ACTION ITEM = Using only the entries below, output the lines starting at the one containing "Alright, Ask Reddit" and ending at the one containing "The first one, install", exactly and inclusive of both, omitting the pictures.

PROVIDED RECORDS =
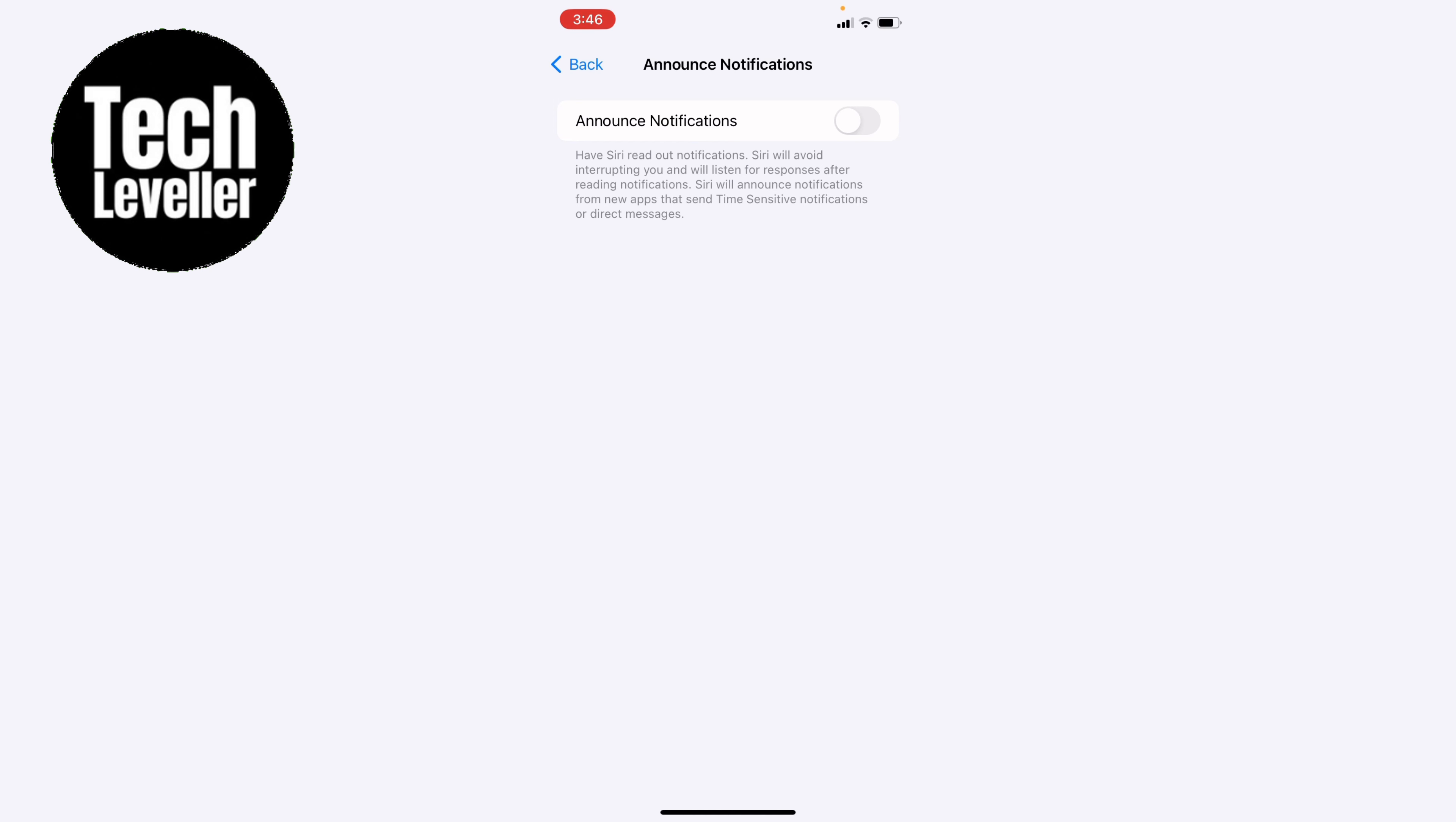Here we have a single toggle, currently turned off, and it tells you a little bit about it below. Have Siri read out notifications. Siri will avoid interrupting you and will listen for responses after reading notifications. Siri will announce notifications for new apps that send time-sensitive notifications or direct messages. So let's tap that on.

==

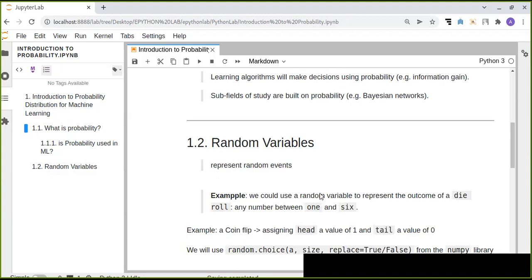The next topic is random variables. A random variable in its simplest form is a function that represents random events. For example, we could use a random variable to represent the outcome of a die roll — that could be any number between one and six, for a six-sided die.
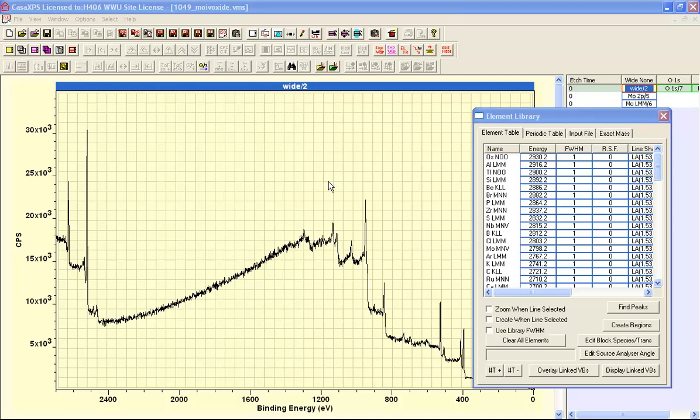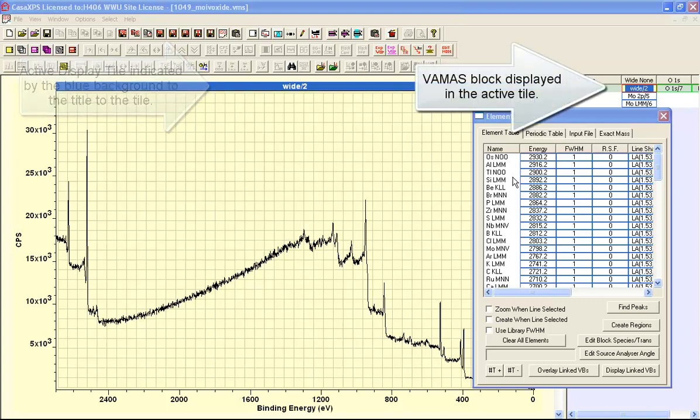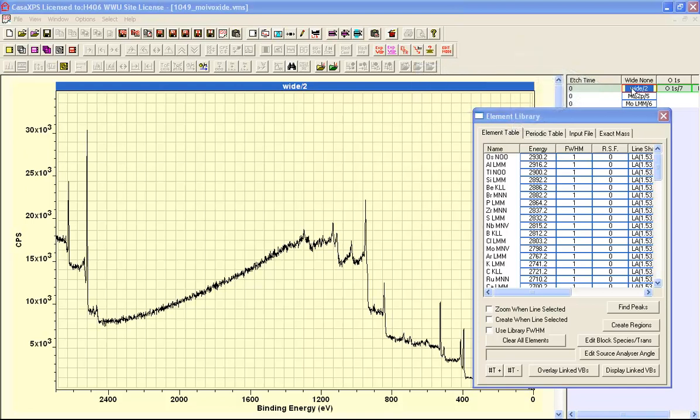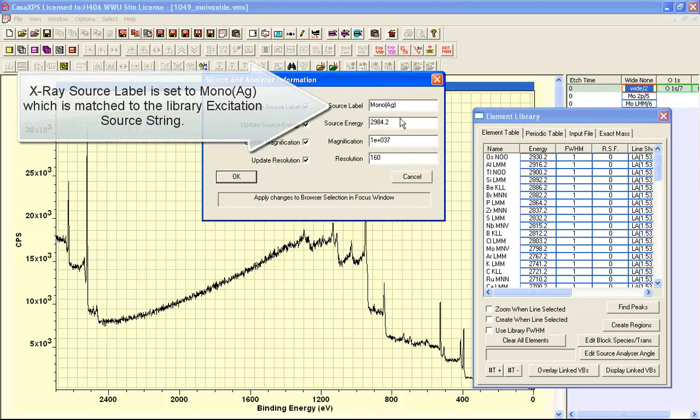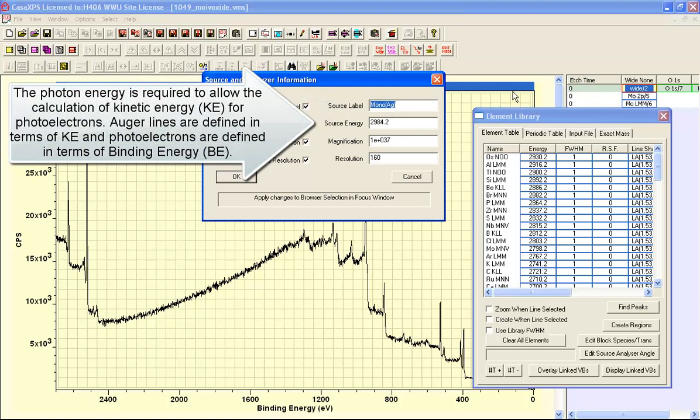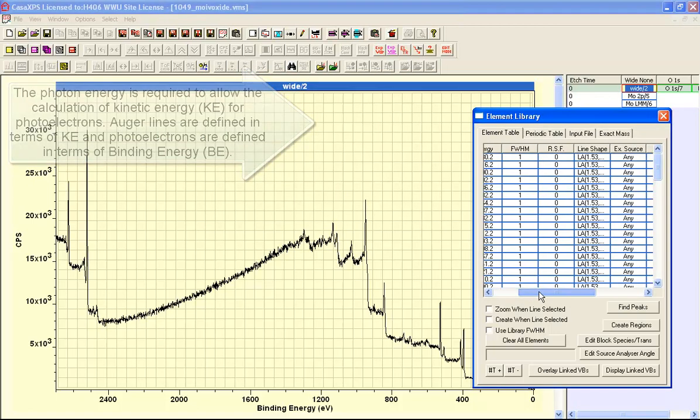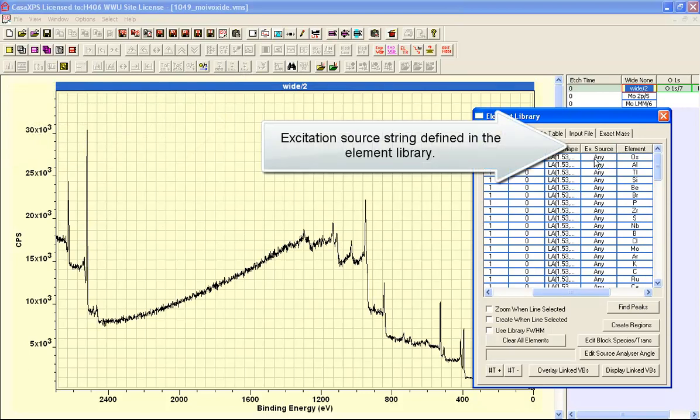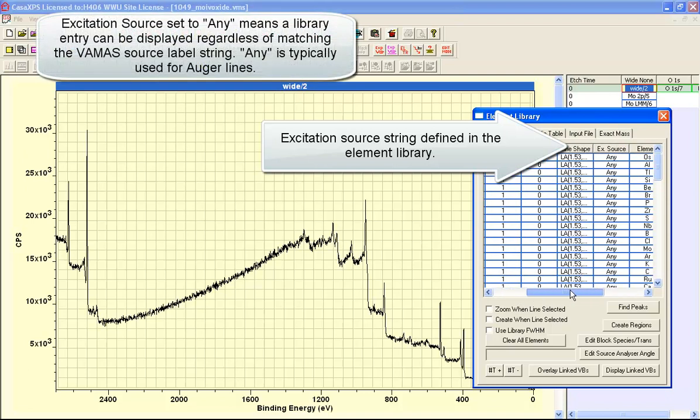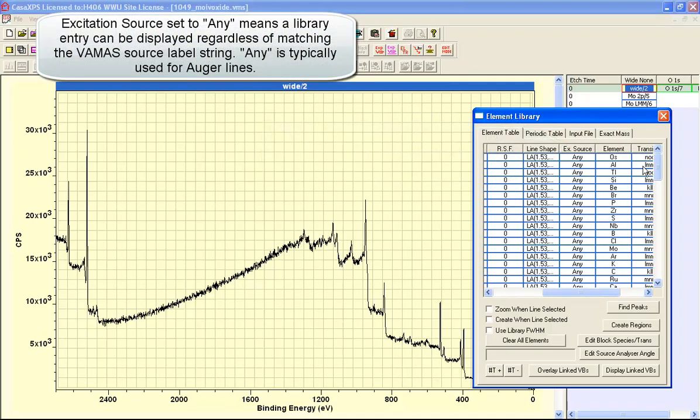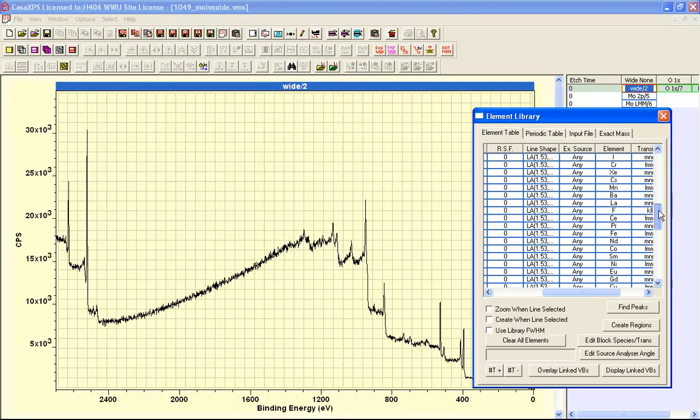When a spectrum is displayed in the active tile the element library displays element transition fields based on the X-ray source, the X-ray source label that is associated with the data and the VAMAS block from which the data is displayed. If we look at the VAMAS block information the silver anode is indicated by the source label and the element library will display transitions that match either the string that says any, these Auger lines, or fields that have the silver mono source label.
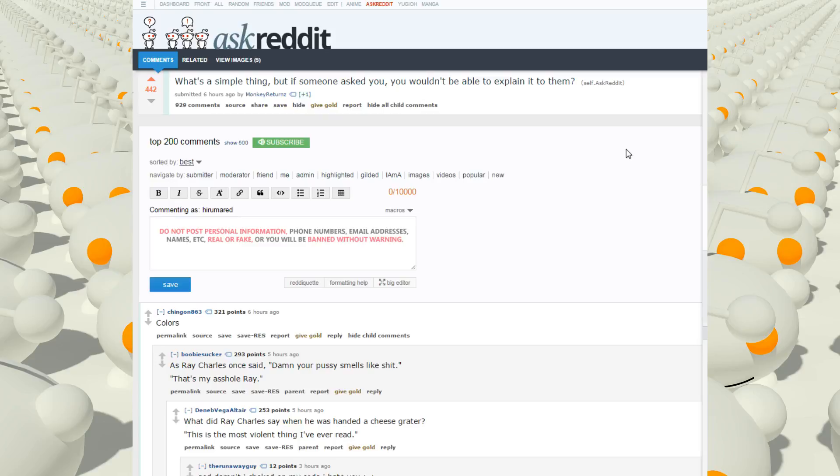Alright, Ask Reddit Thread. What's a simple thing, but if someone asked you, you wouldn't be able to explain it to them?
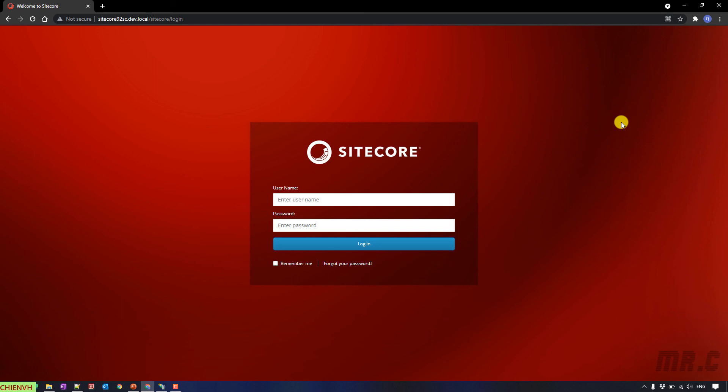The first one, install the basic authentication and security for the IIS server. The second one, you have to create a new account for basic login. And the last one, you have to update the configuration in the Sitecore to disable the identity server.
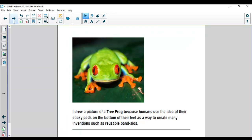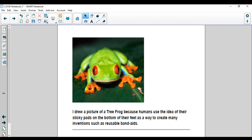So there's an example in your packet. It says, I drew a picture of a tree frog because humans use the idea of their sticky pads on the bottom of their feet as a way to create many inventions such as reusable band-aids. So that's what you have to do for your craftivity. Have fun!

ANSWER SPACE =
Alright, Ask Reddit Thread. What's a simple thing, but if someone asked you, you wouldn't be able to explain it to them?
The first one, install the basic authentication and security for the IIS server. The second one, you have to create a new account for basic login. And the last one, you have to update the configuration in the Sitecore to disable the identity server.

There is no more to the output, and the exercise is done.